Work instruction:
Reproduce exactly, and only, the lines of the material below running from the line bearing "Calla lilies and peonies" through the line bearing "T-shirt Aquarelle Boston". Leave any pictures out.

Exercise input:
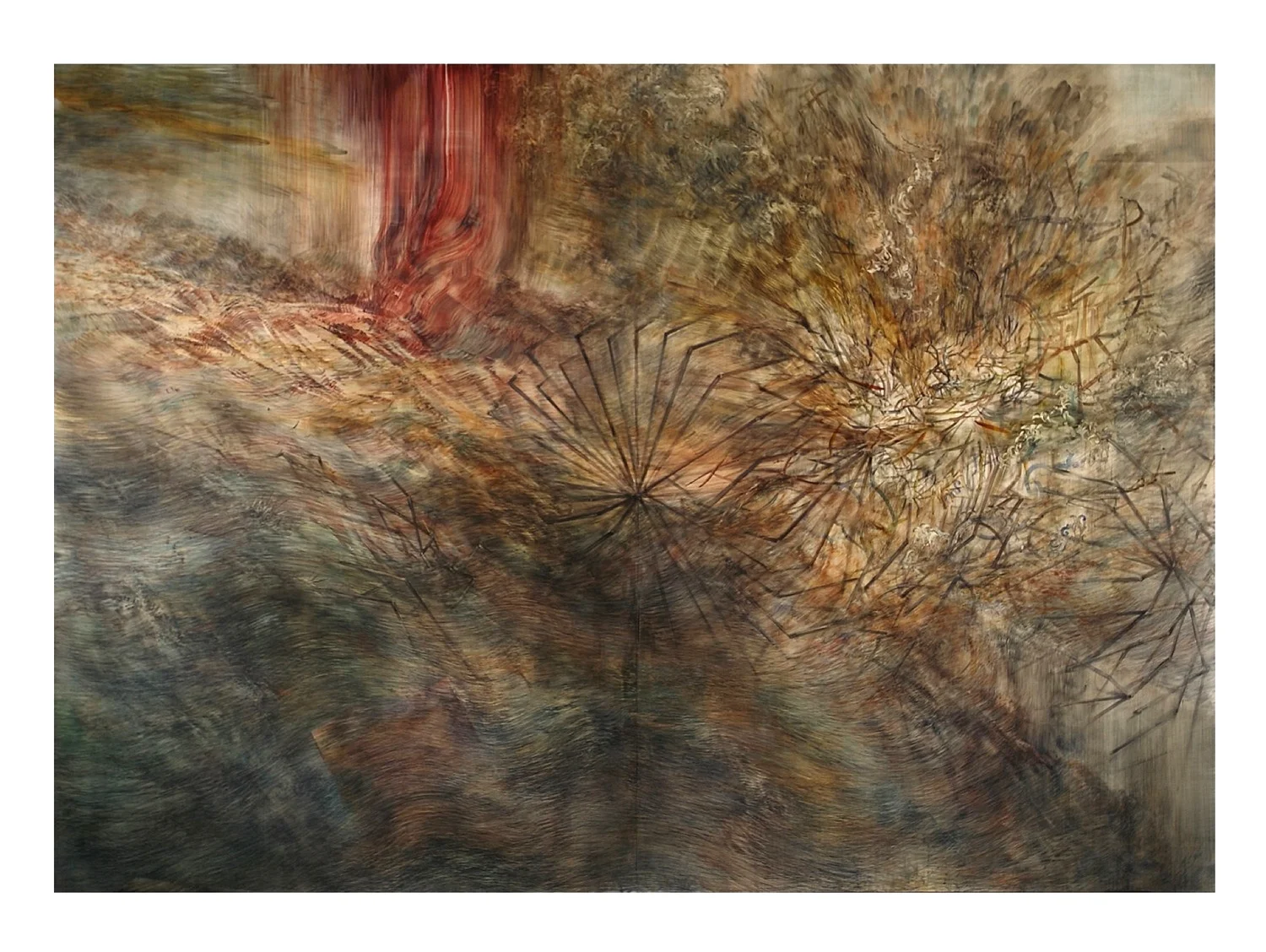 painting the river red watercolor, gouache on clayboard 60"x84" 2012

---

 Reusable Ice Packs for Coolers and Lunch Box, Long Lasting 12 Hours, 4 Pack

...

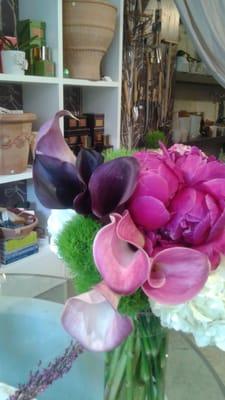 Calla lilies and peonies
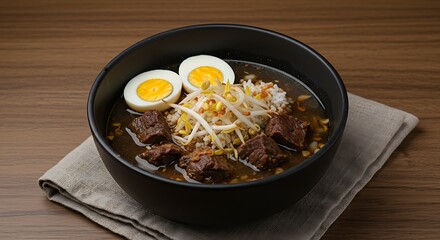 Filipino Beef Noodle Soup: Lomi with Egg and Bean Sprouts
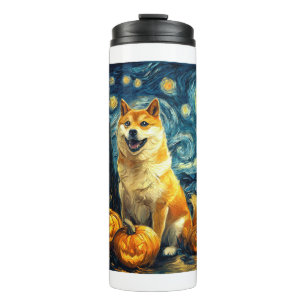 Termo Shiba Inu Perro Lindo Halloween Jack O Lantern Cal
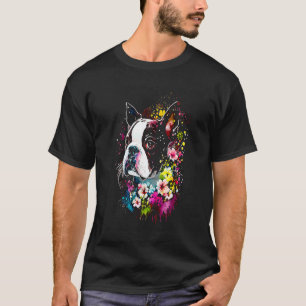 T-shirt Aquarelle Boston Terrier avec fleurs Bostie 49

Solution to this problem:
 Calla lilies and peonies
 Filipino Beef Noodle Soup: Lomi with Egg and Bean Sprouts
 Termo Shiba Inu Perro Lindo Halloween Jack O Lantern Cal
 T-shirt Aquarelle Boston Terrier avec fleurs Bostie 49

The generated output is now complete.